- [TASK STATEMENT]
Some entries follow. Reproduce exactly the lines starting at the one with "360 241 war" and stopping after the one with "Hochwinkelansicht bei zwei".

- [DATA FOR THE TASK]
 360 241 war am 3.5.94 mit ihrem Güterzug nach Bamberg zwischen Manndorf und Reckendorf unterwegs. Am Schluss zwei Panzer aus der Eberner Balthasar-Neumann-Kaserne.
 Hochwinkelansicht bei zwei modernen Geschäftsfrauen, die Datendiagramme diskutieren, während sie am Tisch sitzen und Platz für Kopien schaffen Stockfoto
--
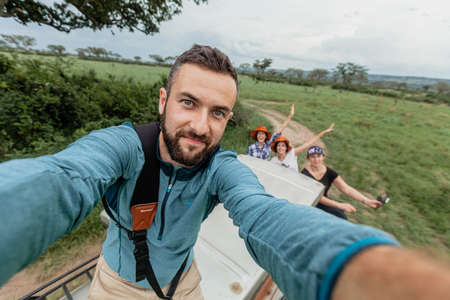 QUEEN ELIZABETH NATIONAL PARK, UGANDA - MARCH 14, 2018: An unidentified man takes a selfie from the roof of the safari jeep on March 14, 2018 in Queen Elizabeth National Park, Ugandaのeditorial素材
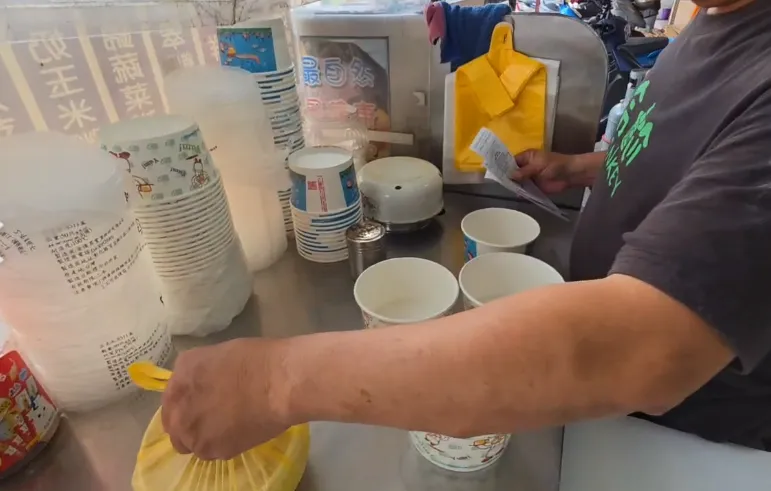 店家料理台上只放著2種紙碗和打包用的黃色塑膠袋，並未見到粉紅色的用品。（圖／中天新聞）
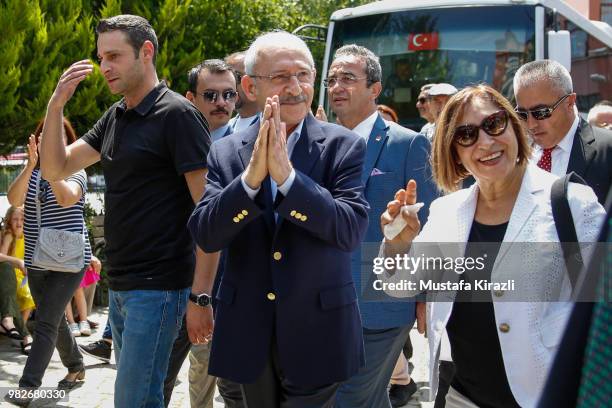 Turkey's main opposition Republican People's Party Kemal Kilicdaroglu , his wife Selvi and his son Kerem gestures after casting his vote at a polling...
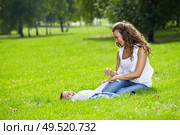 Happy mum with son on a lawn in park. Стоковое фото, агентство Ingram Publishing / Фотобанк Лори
...
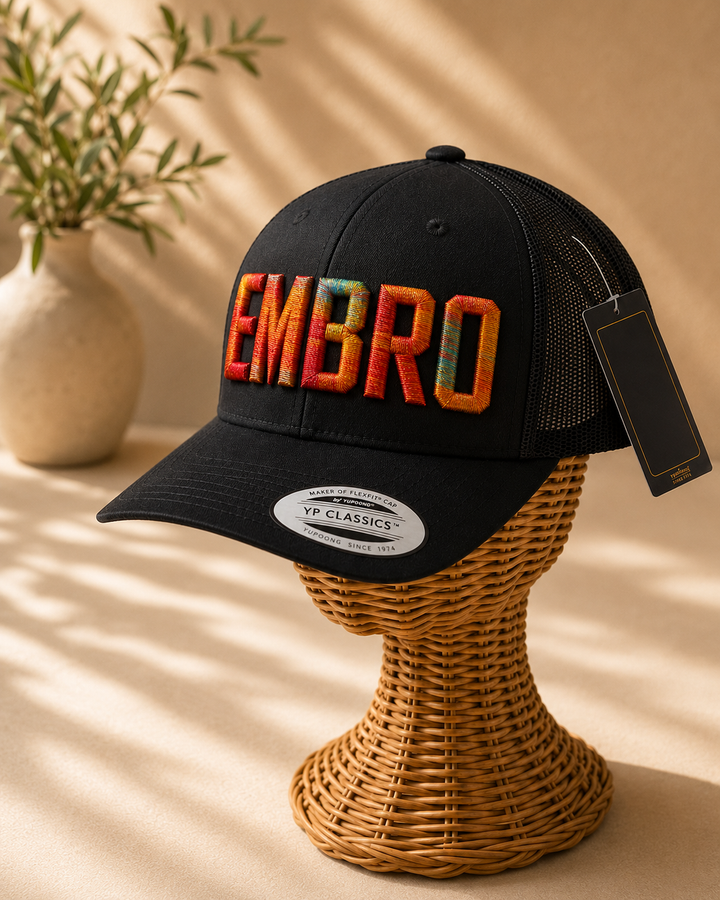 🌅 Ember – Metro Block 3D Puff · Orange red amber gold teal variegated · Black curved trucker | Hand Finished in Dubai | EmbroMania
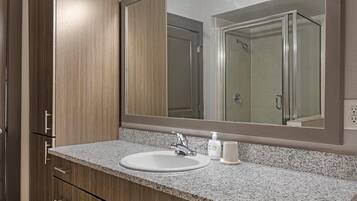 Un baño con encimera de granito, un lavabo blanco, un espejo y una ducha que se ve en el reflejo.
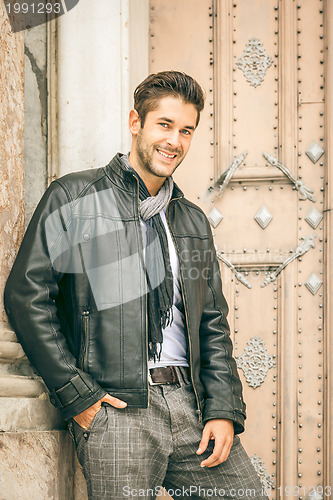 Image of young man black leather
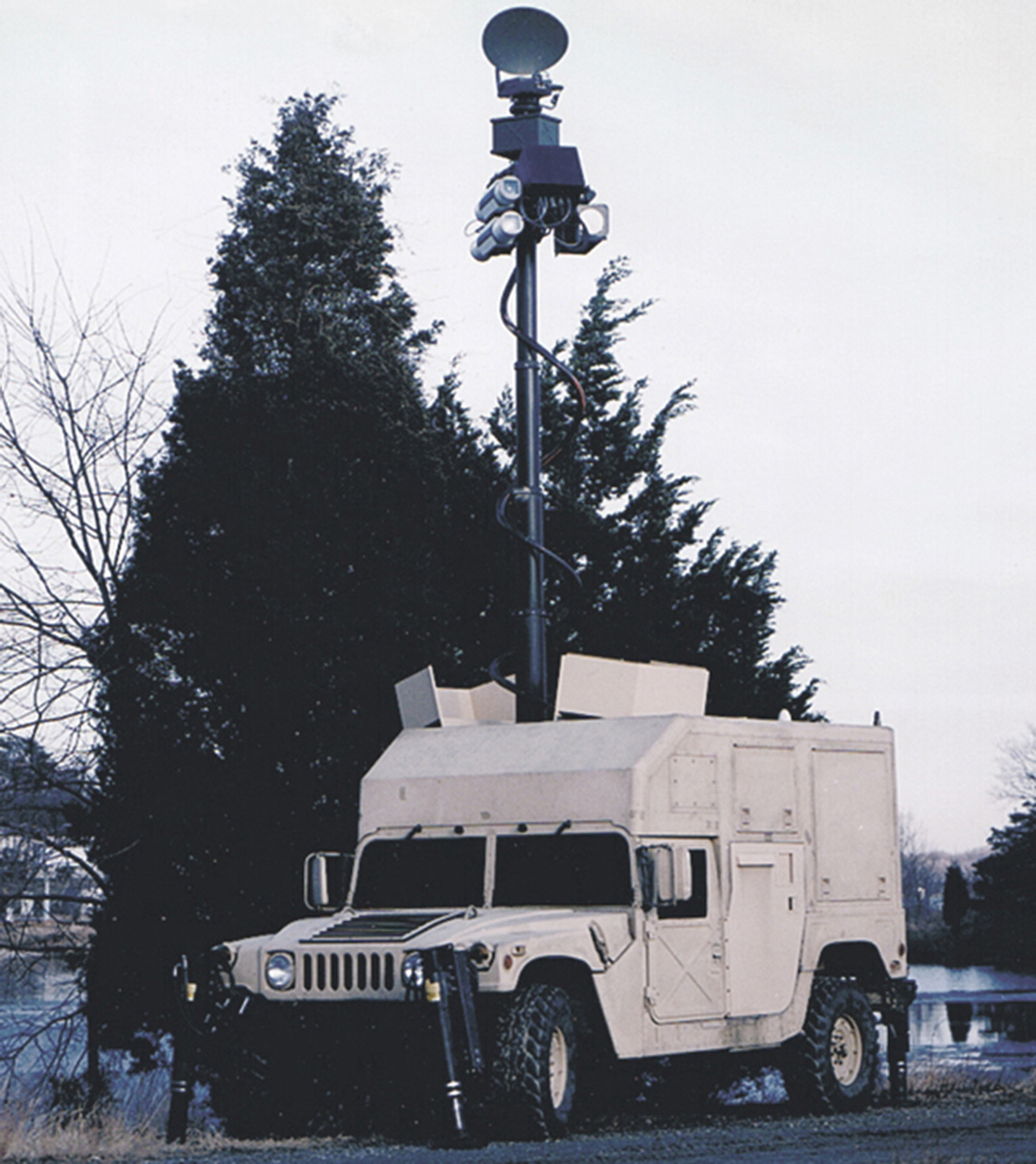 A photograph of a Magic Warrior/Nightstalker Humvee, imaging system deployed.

- [EXPECTED ANSWER]
 360 241 war am 3.5.94 mit ihrem Güterzug nach Bamberg zwischen Manndorf und Reckendorf unterwegs. Am Schluss zwei Panzer aus der Eberner Balthasar-Neumann-Kaserne.
 Hochwinkelansicht bei zwei modernen Geschäftsfrauen, die Datendiagramme diskutieren, während sie am Tisch sitzen und Platz für Kopien schaffen Stockfoto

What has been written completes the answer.